I’ve been reflecting on the COVID-19 quarantine period and all I can think is that this has been such a weird time in our lives. As I’m sure many can relate, these past three months have felt like a year. At first, I was disappointed that my spring season was canceled, but at the same time, I was relieved that I didn’t have to take my final macroeconomics exams. Most of all, I was uncomfortable being forced back to my hometown when I was just beginning to thrive at college. I felt afraid of being stuck at home –the same environment where my mental health was once at its worst. I was worried I’d encounter another relapse in my depression. While in quarantine, I experienced an increase in my depressive episodes. At one point, I was in my room crying every night and didn’t have motivation to leave my bed. 

Unfortunately, I was also coping with the fear of a potential knee surgery. I was unable to get a definite answer on my prognosis because shelter-in-place orders kept me from being able to meet with the surgeon. I struggled to find the motivation to keep up with my training when I didn’t know what I was training for, as I didn’t know if I’d be able to play in the fall. All of this uncertainty had me on edge. I felt hopeless.

I found a lot of comfort in art during this time. I suddenly felt a surge of artistic inspiration, to the point where I did not want to do anything else. I spent days creating and it gave me peace of mind. This burst of creativity helped me reflect back to when my mental health was at an all-time low. I remembered how art used to be my only coping mechanism. Even though I felt myself slacking off on my physical training, it felt really great to take a break from being an athlete for a while. With athletics temporarily out of my life, I was able to find a deeper understanding of my identity. But at the end of the day, I realized I missed being an athlete and training with my team every day.

I started reaching out to friends more often, which helped me feel connected to the world again. As some time passed and shelter-in-place orders started to ease, I was able to reconnect with my best friends from high school. I found a lot of joy in being able to enjoy my teen years for once. I wasn’t stressed about my next assignment or exhausted from another practice. This freedom helped lift my spirits once I figured out how to cope with the other uncertainties. I thrive with a structured lifestyle, so this uncertainty was a learning curve, but a necessary one to help me grow.

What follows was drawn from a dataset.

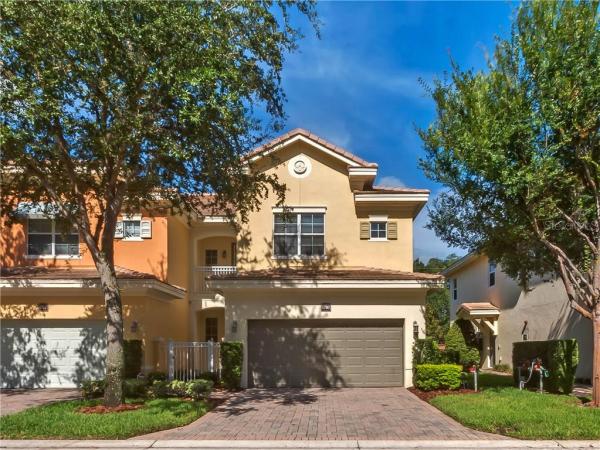 GRANDE OAKS AT HEATHROW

Finally, at the end of May, I was able to meet with the knee surgeon. He told me that I didn’t need the surgery and that I’d be able to play in the fall. I was so excited about the news that I decided to go for a run. One thing you should know about me is that I despise running. However, you could call it a victory lap. I ran every day for the next week and then my state re-opened public gyms. Suddenly, I had something to train for and became more motivated than ever before. I now feel so happy to be able to lift weights and complete a full work out knowing that the season is just around the corner. That motivation and determination reminded me how much I miss my sport and the competitive drive that it has instilled in me. So, while COVID-19 has been one of the weirdest times, I also like to think that it has brought me new joys and a deeper sense of self.